Former U.S. transportation secretary Rodney Slater to speak at UA on Silas Hunt’s legacy

by Talk Business & Politics staff (staff2@talkbusiness.net) 137 views 

Rodney Slater, former U.S. secretary of transportation and graduate of the University of Arkansas School of Law, will commemorate the 70th anniversary of Silas Hunt’s admission to the law school. Slater will present The Legacy of Silas Hunt at noon Monday (Feb. 5) in the Bobby McDaniel Classroom at the law school.

Slater will discuss Hunt’s legacy as the first black student admitted to a white Southern university since Reconstruction and the first black student admitted for graduate or professional studies. Hunt was admitted to the UA law school on Feb. 2, 1948. Hunt’s admission was a catalyst for the admission of Wiley Branton, George Haley, George Howard Jr., Christopher Mercer and Jackie Shropshire, who along with Hunt became known as The Six Pioneers.

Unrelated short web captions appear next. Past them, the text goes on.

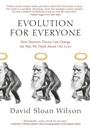 Cover: Evolution for Everyone - Bantam Books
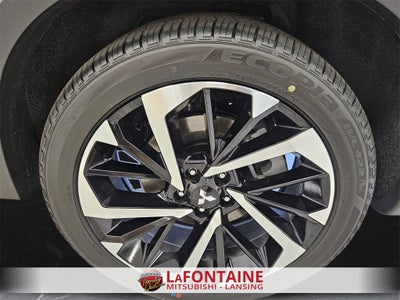 2025 Mitsubishi Outlander PHEV Platinum Edition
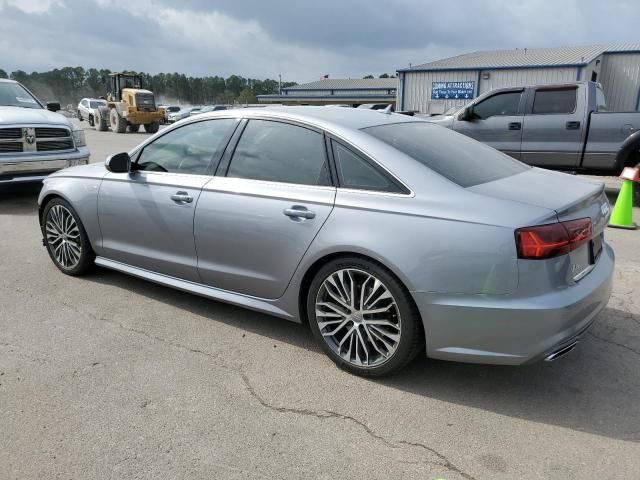 2016 Audi A6 Premium Plus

Slater graduated from the law school in 1980, and while in school he was president of the Black American Law Students Association and the Student Bar Association. As a student, he met Haley, the school’s second black graduate and an assistant on Supreme Court case Brown v. Board of Education. Haley went on to become U.S. ambassador to Gambia and a confidant and lifelong mentor to Slater.

After law school, Slater became Arkansas assistant attorney general, chair of the Arkansas Highway Commission and director of governmental affairs for Arkansas State University before he joined President Bill Clinton’s administration, serving as director of the Federal Highway Administration and U.S. Secretary of Transportation.

Slater is partner at Squire Patton Boggs in Washington, D.C., and promotes safer, more efficient, environmentally sound and sustainable worldwide transportation infrastructure — a vision he set as transportation secretary. The law practice focuses on automobile use and development, aviation competition and congestion mitigation, maritime initiatives, high-speed rail corridor development and transportation safety and funding.